Here, I am defining a polynomial defined over 2 variables in `f_2d_polynomial`. This is the "true" function we will be trying to estimate. `f_2d_polynomial` takes in an Nx2 numpy array and returns a vector of length N, representing the value of the polynomial at each point. Note that I have slightly obfuscated the code so you can't just read off the polynomial coefficients. Obviously it is easy to reverse engineer, but these homeworks are provided in good faith for your learning experience.

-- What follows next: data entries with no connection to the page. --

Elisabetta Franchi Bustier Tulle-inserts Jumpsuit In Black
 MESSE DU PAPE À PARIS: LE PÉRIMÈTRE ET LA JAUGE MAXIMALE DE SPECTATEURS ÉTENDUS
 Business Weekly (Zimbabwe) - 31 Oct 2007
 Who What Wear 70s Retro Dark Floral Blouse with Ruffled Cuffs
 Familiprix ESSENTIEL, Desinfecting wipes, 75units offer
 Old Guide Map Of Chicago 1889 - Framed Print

I've also defined a `generate_data` function which samples random points in the interval $[-1, 1]^2$, evaluates them using the true polynomial, and then adds gaussian noise to the output to represent measurement error.

In [5]:
def f_2d_polynomial(x):
    x0, x1 = x[:,0], x[:,1]
    secret = b'NCp4MSArIHgwKngxIC0gMTIqeDAqKjIgKyA4KngxKioyICsgNQ=='
    y = eval(base64.b64decode(secret))
    return y


def generate_data(noise_strength, num_points):
    x = np.random.rand(num_points, 2) * 2 - 1
    y = f_2d_polynomial(x)
    noise = np.random.randn(*y.shape)
    return x, y + noise * noise_strength

First, let's take a look at what our polynomial truly looks like.

In [6]:
funtion_plot(f_2d_polynomial)

<IPython.core.display.Javascript object>

Very nice! Feel free to move and inspect the plot with your mouse to get a better understanding of the polynomial.
Now, let's sample some noisy training data and plot it to see what it looks like.

In [7]:
X_train, y_train = generate_data(noise_strength=10, num_points=1000)

In [8]:
scatter_plot(X_train, y_train)

<IPython.core.display.Javascript object>

Very nice! The data looks very noisy, but we can still make out the overall trend of the underlying function. Let's now try to recover the original function using this noisy data.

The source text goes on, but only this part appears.